RECORDS:
━━━━━━━━━━━━━━━━━━━━━━━━━━━━━━
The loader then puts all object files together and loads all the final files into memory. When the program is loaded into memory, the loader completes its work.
━━━━━━━━━━━━━━━━━━━━━━━━━━━━━━
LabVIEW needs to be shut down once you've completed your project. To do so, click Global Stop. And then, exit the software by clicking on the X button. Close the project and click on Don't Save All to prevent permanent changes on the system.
━━━━━━━━━━━━━━━━━━━━━━━━━━━━━━
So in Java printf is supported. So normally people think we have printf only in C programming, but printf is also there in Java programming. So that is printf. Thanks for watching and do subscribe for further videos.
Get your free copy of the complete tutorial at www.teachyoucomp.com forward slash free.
━━━━━━━━━━━━━━━━━━━━━━━━━━━━━━
EXERCISE AIM:
"then" is the string to look for; please copy every line of the records above where it appears.

ANSWER TO THIS PROBLEM:
The loader then puts all object files together and loads all the final files into memory. When the program is loaded into memory, the loader completes its work.
LabVIEW needs to be shut down once you've completed your project. To do so, click Global Stop. And then, exit the software by clicking on the X button. Close the project and click on Don't Save All to prevent permanent changes on the system.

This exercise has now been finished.